Sur la chaîne YouTube RUSARM INFO, trois analystes ont proposé des points de vue contrastés sur l’évolution des dynamiques autour de l’Arménie, de l’Azerbaïdjan et du Caucase du Sud.
La politique pendulaire de l’Iran
L’analyste politique Karine Gevorkyan a déclaré que Téhéran continue d’envoyer des signaux contradictoires quant à savoir si les attaques présumées de drones contre l’Iran provenaient du territoire azerbaïdjanais.
« Ils jouent un jeu de balancements rusés », a-t-elle observé, décrivant comment les conservateurs iraniens insistent sur le fait que les frappes — et même l’accident d’hélicoptère qui a tué l’ancien président Ebrahim Raïssi — remontent à l’Azerbaïdjan, tandis que les réformistes rejettent de telles affirmations. Gevorkyan a souligné que cette division interne rend la politique étrangère iranienne imprévisible et alimente l’incertitude régionale.
Le pari asiatique de l’Arménie
Le commentateur Konstantin Kalachey a soutenu que l’Arménie cherche à diversifier ses liens extérieurs, en particulier avec la Chine. L’initiative d’Erevan « Carrefour de la Paix » est présentée comme complémentaire à la stratégie chinoise des Nouvelles Routes de la Soie, avec des attentes d’investissements chinois dans l’énergie solaire, l’agriculture et les infrastructures logistiques.

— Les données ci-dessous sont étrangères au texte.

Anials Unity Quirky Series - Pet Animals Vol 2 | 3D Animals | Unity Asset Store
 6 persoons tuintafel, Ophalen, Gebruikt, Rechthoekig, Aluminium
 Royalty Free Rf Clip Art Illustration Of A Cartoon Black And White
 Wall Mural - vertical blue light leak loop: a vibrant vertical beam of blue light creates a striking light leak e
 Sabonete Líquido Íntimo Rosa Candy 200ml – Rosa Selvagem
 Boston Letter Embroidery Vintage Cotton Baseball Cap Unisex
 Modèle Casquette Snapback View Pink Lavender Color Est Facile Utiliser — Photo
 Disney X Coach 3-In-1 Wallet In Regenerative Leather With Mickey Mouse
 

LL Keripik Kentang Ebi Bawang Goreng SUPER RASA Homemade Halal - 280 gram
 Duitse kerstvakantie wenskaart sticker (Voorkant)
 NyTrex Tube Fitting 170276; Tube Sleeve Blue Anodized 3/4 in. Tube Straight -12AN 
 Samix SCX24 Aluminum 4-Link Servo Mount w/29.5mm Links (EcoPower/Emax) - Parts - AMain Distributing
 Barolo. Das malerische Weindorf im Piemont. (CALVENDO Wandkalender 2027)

« La Chine est le leader mondial dans les technologies renouvelables et les véhicules électriques », a noté Kalachey.
Il a ajouté que l’Arménie possède déjà des liens culturels, avec un Institut Confucius à Erevan et un intérêt croissant des étudiants pour le mandarin.
Le Japon comme stabilisateur économique
L’analyste Ivan Tselishev a souligné le rôle traditionnel du Japon en tant que partenaire économique plutôt qu’en tant que médiateur politique.
« Tokyo n’est pas fort en diplomatie ou en médiation, mais il est très fort en développement économique », a-t-il expliqué.
Tselishev a évoqué les programmes de formation de longue date du Japon pour les professionnels arméniens dans les domaines des technologies de l’information et de la gouvernance, et a suggéré que les futurs investissements japonais pourraient viser les infrastructures, les énergies renouvelables et le capital humain.
Équilibrer les grandes puissances
Les trois experts ont convenu que l’Arménie ne peut pas se permettre de dépendre d’un seul axe de soutien. Ils ont plutôt affirmé qu’Erevan doit poursuivre une politique multivectorielle équilibrant ses liens avec Washington, Pékin et Tokyo tout en maintenant des relations de travail dans la région. Gevorkyan a souligné le symbole : « Aliyev est reçu comme de la famille à la fois à Washington et à Pékin. Pourquoi l’Arménie devrait-elle se contenter de moins ? »
La discussion a mis en évidence un thème commun : les États de la région, sous pression de la Russie et de l’Iran, se tournent de plus en plus vers l’est à la recherche d’opportunités économiques et d’équilibre diplomatique. Que ce soit à travers les Nouvelles Routes de la Soie de la Chine, l’aide économique du Japon ou les garanties de sécurité des États-Unis, l’Arménie indique vouloir s’ancrer dans plusieurs directions plutôt que de rester dépendante d’un seul centre de pouvoir.